To see the generated code, you'll need a JS shell, and then set the env variable IONFLAGS=codegen, grep for "wasm" in the (very large) output; wasm functions are printed, and can be looked up by their function index.

Vlad Brezae

Reporter

Comment 2

•

5 years ago

Since I'm investigating low level things, I prefer not to run from browser. I just get the sm runtime shell through jsvu, https://github.com/GoogleChromeLabs/jsvu.

I tried running with IONFLAGS=codegen ./sm --wasm-compiler=ion a.out.js, from ubuntu bash, but I'm getting no output.

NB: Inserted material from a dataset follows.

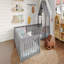 Lit simple, plancher de maison, plancher double avec porte et garde-corps pleine longueur, multifonction, gris-1576467216
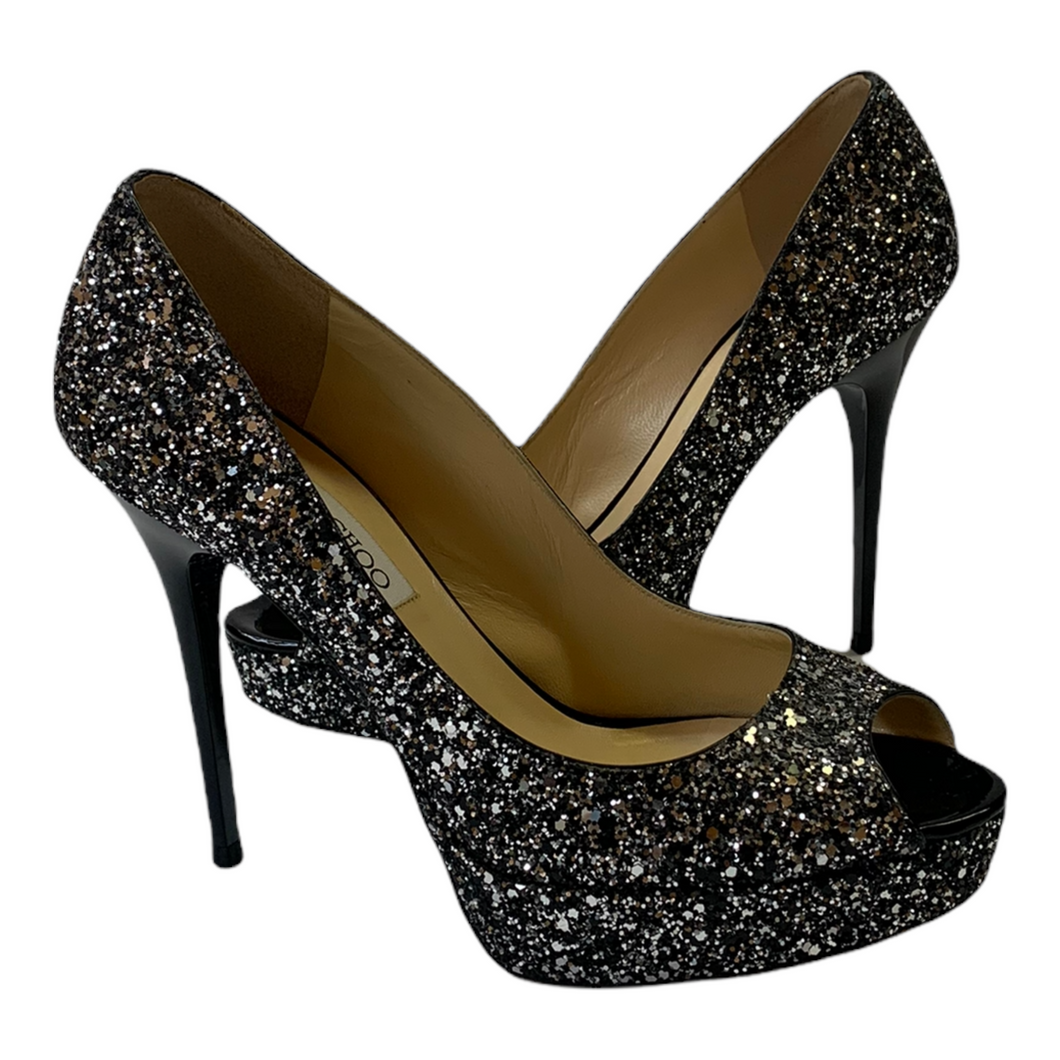 Glitter peep toe outlet pumps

Do I need to have a runtime with some special debugging capabilities ? I know this was the case for example with v8, where I ended up building the runtime from scratch.

I submitted a similar issue to apple yestereday, and, checking the native code, it turns out that they have iterative comparisons for the integer passed to the switch, rather than doing a single indirect call through a table. Given the perf regression between sm and jsc are eerily similar, I would suspect the same issue happens here.

Jan de Mooij [:jandem]

Comment 3

•

5 years ago

Would it be possible to attach a stand-alone version we can run in the JS shell?

Vlad Brezae

Reporter

Comment 4

•

5 years ago

Attached file Binaries generated by emscripten — Details

Attached the binaries generated by emscripten for the testcase from the gist. This is the variant where the switch has 1000 cases.

Jan de Mooij [:jandem]

Comment 5

•

5 years ago

The Wasm Baseline compiler is much faster. For Ion it looks like LICM is hoisting a ton of instructions before the loop (for loading the strings in unreachable_method is my guess). Try with --ion-licm=off, then Ion is faster than the Wasm Baseline compiler for me.

Vlad Brezae

Reporter

Comment 6

•

5 years ago

Thank you. I can confirm that once I pass that flag the performance goes up to a normal level. I also tried that flag when running our whole runtime and it has no impact on performance, which means we are not affected by this. Maybe this perf problem can be fixed, if you consider the microbenchmark as being relevant, but, as far as I'm concerned, this bug can even be closed.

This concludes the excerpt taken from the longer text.